Has the Scorpene Lost Its Sting?

The data leak may have revealed details of the Scorpene's capabilities, but much remains concealed. The navy can well regenerate the combat effectiveness of the submarines by reinventing operating profiles and devising astute masking techniques.

File photo of Indian Navy's Scorpene submarine INS Kalvari being escorted by tugboats as it arrives at Mazagon Docks Ltd, a naval vessel ship building yard, in Mumbai, India, October 29, 2015. REUTERS/Shailesh Andrade/Files - RTX2MRMT

File photo of Indian Navy’s Scorpene submarine INS Kalvari being escorted by tugboats as it arrives at Mazagon Docks Ltd, a naval vessel ship building yard, in Mumbai, India, October 29, 2015. Reuters/Shailesh Andrade/Files

Submarines are platforms of stealth, concealment and lethality.

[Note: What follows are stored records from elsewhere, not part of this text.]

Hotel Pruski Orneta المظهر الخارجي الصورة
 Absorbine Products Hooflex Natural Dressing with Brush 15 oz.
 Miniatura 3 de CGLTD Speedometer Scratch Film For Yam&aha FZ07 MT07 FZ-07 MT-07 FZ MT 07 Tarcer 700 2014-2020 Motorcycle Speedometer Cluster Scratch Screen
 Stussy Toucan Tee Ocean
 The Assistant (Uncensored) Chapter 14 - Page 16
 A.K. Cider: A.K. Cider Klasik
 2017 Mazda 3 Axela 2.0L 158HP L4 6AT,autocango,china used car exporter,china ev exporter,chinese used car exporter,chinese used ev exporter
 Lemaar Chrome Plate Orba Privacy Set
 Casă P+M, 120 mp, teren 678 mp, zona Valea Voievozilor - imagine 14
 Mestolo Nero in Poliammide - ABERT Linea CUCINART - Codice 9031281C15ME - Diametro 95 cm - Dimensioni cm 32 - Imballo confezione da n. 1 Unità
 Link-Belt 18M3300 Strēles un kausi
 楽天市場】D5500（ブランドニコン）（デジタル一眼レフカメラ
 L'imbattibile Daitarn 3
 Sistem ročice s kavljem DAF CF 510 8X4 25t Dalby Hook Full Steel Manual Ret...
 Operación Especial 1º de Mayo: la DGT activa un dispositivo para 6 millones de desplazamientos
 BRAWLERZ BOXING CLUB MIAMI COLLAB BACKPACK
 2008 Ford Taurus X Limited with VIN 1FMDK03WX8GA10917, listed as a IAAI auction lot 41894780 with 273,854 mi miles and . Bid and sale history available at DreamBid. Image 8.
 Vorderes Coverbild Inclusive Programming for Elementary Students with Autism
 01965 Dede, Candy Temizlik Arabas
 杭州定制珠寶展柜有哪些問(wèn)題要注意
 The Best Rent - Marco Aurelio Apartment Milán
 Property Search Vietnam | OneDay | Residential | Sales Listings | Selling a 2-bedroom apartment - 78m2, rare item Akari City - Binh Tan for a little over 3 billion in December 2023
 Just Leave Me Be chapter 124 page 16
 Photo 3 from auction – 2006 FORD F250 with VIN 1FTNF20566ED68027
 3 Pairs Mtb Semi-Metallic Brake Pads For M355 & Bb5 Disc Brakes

Each of these attributes are integrated into the body of the weapon to form a very efficient and secretive marauder in the deep. The early years of submarine usage saw some unsavoury remarks about the use of this weapon; most uncharitable was Admiral Sir Arthur Wilson’s outburst on the submarine: “…underhand…and damned un-English…treat all submarines as pirates…and hang all the crews.” But this perhaps echoed a visceral fear of the unknown rather than any sense of morality.

A century later, the submarine’s tactical advantage remains in its capability to use the medium to hide, to strike and then to hide again in waters that firstly complicates and then frustrates detection. To a target within its strike radius, it continues to generate the same primeval anxiety that made Sir Arthur quiver.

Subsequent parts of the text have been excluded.